There on a raft anchored about 20 meters offshore, not far from the Hunts Point market, scientists from the National Oceanic and Atmospheric Administration, the University of Connecticut, and Purchase College are studying a pilot sea farm of shellfish and seaweed. Students from the South Bronx community are maintaining the sea farm through involvement of Rocking the Boat, a nonprofit community development organization. The seaweed and shellfish (ribbed mussels) grow by absorbing and filtering nutrients from the water. When harvested, the nutrients they contain are taken out of the water. As a result, sea farming of shellfish and seaweed could be a powerful tool in cleaning up nutrient-enriched waters.

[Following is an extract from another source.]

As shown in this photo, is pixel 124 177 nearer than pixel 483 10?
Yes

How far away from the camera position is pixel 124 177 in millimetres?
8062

While nutrients such as nitrogen and phosphorus are essential for the growth of plants and animals, in excess they can overwhelm coastal waters, resulting in poor visibility, low oxygen levels, and loss of healthy wetlands and sea grasses. Through the Long Island Sound Study, EPA and the states of New York and Connecticut are taking action to improve the water quality of Long Island Sound by reducing the amount of nitrogen entering Long Island Sound by 60 percent, mainly by upgrading wastewater treatment plants and controlling fertilizer-laden stormwater runoff. Enhancing sea farming of shellfish and seaweeds in Long Island Sound can complement nutrient control strategies as part of a comprehensive clean water strategy. The pilot study is evaluating a range of potential markets for the harvest, from seafood for human consumption to agricultural feeds, from biofuels to pharmaceutical products.
The project has caught the interest of the CNN and the New York Times. If successful, the expansion of sea farming of shellfish and seaweed can mean more jobs, cleaner water, and local quality products.
About the author: Mark Tedesco is director of the United States Environmental Protection Agency’s Long Island Sound Office. The office coordinates the Long Island Sound Study, administered by EPA as part of the National Estuary Program under the Clean Water Act. Mr. Tedesco is responsible for supporting implementation of a Comprehensive Conservation and Management Plan for Long Island Sound, approved in 1994 by the by the Governors of New York and Connecticut and the EPA Administrator, in cooperation with federal, state, and local government, private organizations, and the public. Mr. Tedesco has worked for EPA for 25 years. He received his M.S. in marine environmental science in 1986 and a B.S in biology in 1982 from Stony Brook University.
Editor's Note: The opinions expressed here are those of the author. They do not reflect EPA policy, endorsement, or action, and EPA does not verify the accuracy or science of the contents of the blog.